I did that and it entered on an infinite loop, see:

?> require 'ferret'
=> false
n\303\264")r =
Ferret::Analysis::StandardAnalyzer.new().token_stream(:field,
=> #<Ferret::Analysis::TokenStream:0x98967d0>
>> while token = tokenizer.next
>> puts token
>> end
token["bon":0:3:1]
token["":4:4:1]
token["":4:4:1]
token["":4:4:1]
token["":4:4:1]
token["":4:4:1]
token["":4:4:1]
token["":4:4:1]
token["":4:4:1]
...
...
...

[]s
David B. (Guest)
on 2007-04-17 08:29
(Received via mailing list)
On 4/15/07, Manoel L. <removed_email_address@domain.invalid> wrote:
> >> while token = tokenizer.next
> token["":4:4:1]
> ...
> ...
> ...

Hi Manoel,

I finally managed to work out a fix for this after working on it for
hours. It appears that OpenSolaris has a bug in it's isdigit
implementation although I can't be sure. isdigit(-76) returns true.
I'm not sure which character encoding this would be true for however.

Anyway, I've made it so that you won't get this infinite loop anymore
but I haven't really fixed your problem. Your main issue seems to be
that you don't have a UTF-8 locale installed on your system. You'll
need to do that before you will be able to analyze UTF-8 data.

So, having said all that, I don't think there is any point in me
putting out a quick release now (to give you the fix) as you will need
to set up your locale to handle UTF-8 and that will already fix your
problem.

Hope that helps,
Dave
Fernando (Guest)
on 2007-04-17 22:02
Hello.

I just want to add I'm having exactly this same problem on my desktop
running a brazillian edition of Windows XP Pro SP2, with the latest
mswin32 Ferret gem. I could not log anything since I have only 1.5GB of
installed memory, and the system freezes if I don't kill the ruby.exe
task. But testing that bit in the console, I got the same infinite loop.

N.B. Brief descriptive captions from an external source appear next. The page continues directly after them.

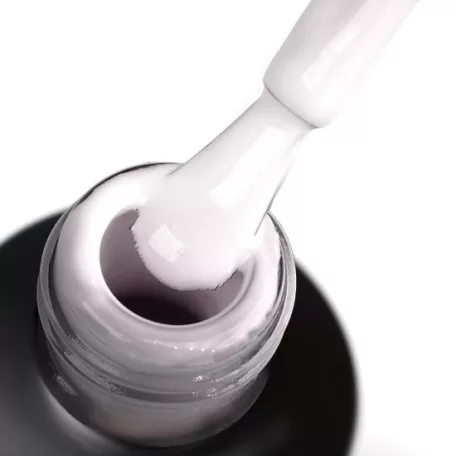 MN Milky White Top Gel - 6ml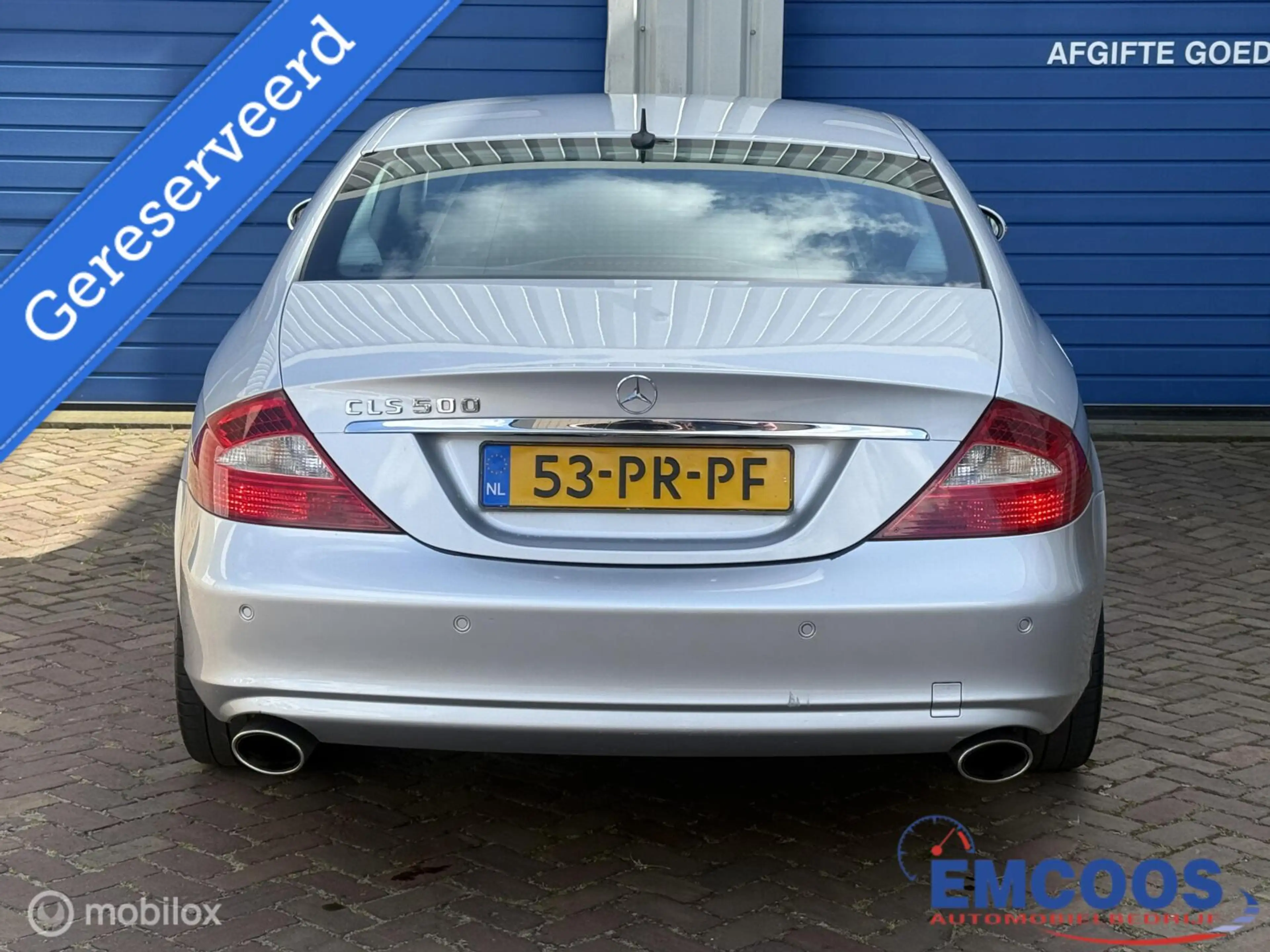 Mercedes-Benz CLS 500 Airco * Automaat * Cruise Control * Veel opties * — photo 6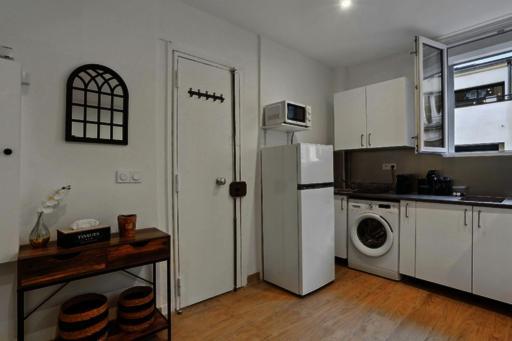 336 Mila Suite - Charming Parisian Apartment Vanves Ngoại thất bức ảnh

This also always occurs when I search for a variety of accented words.

On my Linux box it runs no problem.
Tina (Guest)
on 2007-05-01 02:03
Same here.
I'm running Windows XP SP2, also with mswin32 Ferret gem. Problem occurs
when I try to search for a word with a special character, i.e. 'ä'
specifically.
This topic is locked and can not be replied to.